=== Begin Enclosure ===
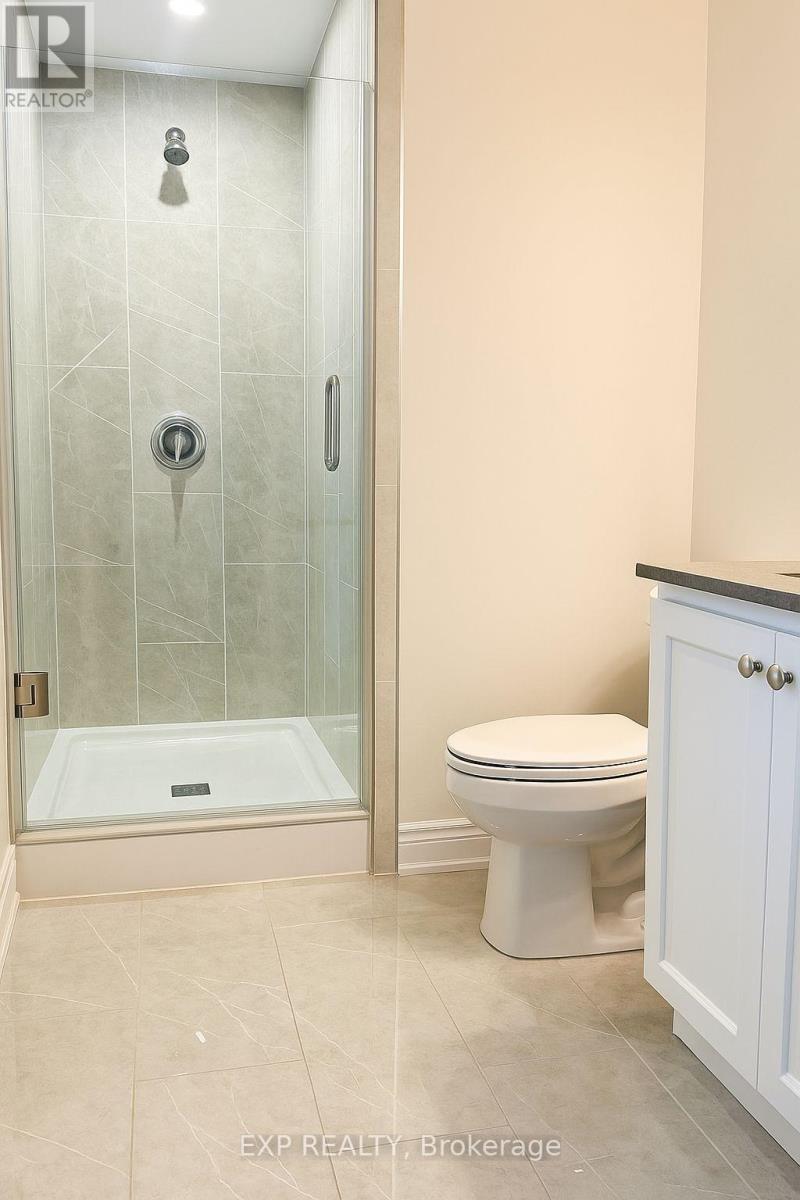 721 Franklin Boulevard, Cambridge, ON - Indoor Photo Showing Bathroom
=== End Enclosure ===
=== Begin Enclosure ===
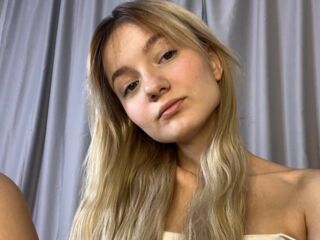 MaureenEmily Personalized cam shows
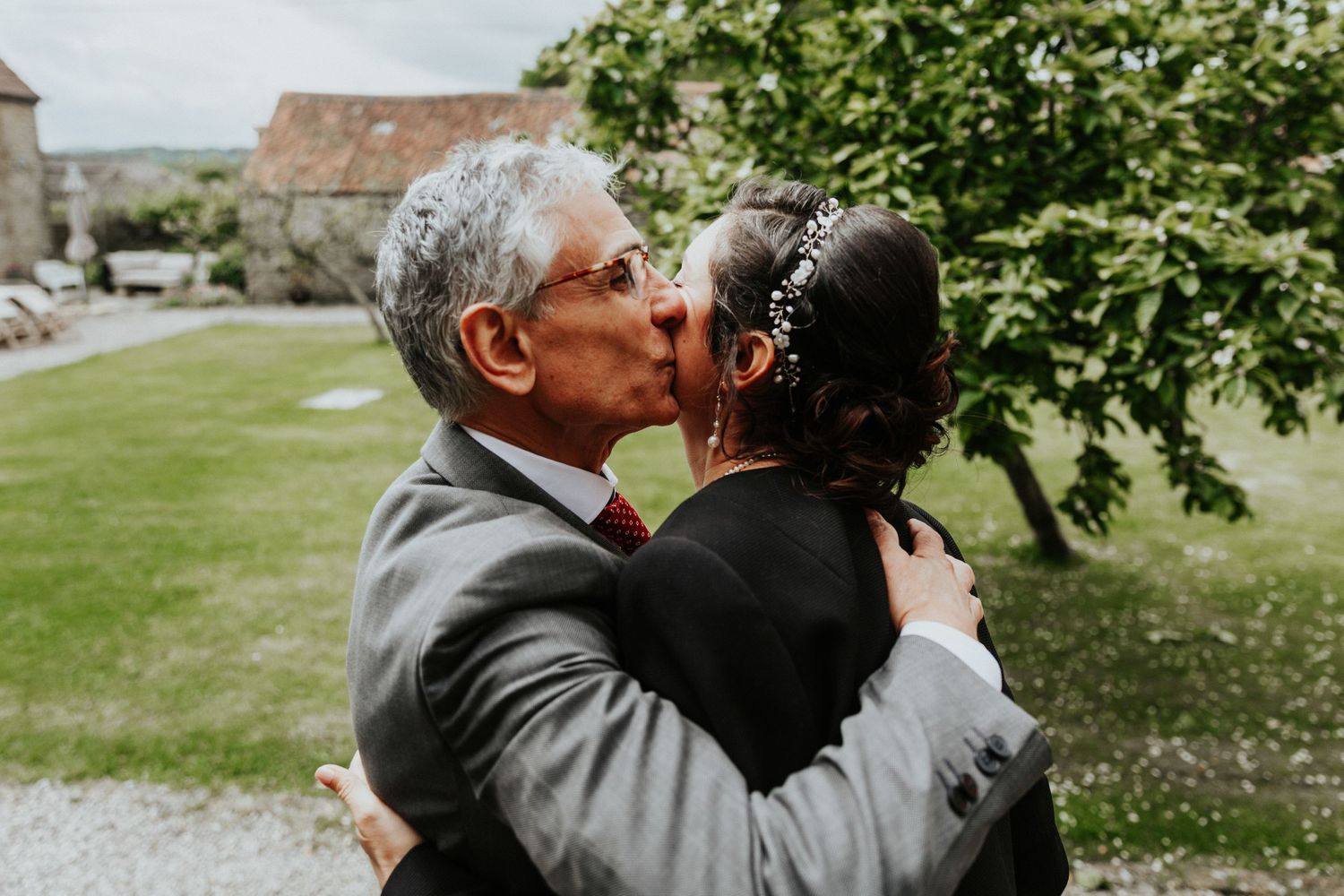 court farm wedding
=== End Enclosure ===
> [YOUR INSTRUCTIONS]: Leaving every picture aside, reproduce exactly the lines above from the one with "MaureenEmily Personalized cam shows" up to and including the one with "court farm wedding", and no others.

> [EXPECTED ANSWER]:
 MaureenEmily Personalized cam shows
 court farm wedding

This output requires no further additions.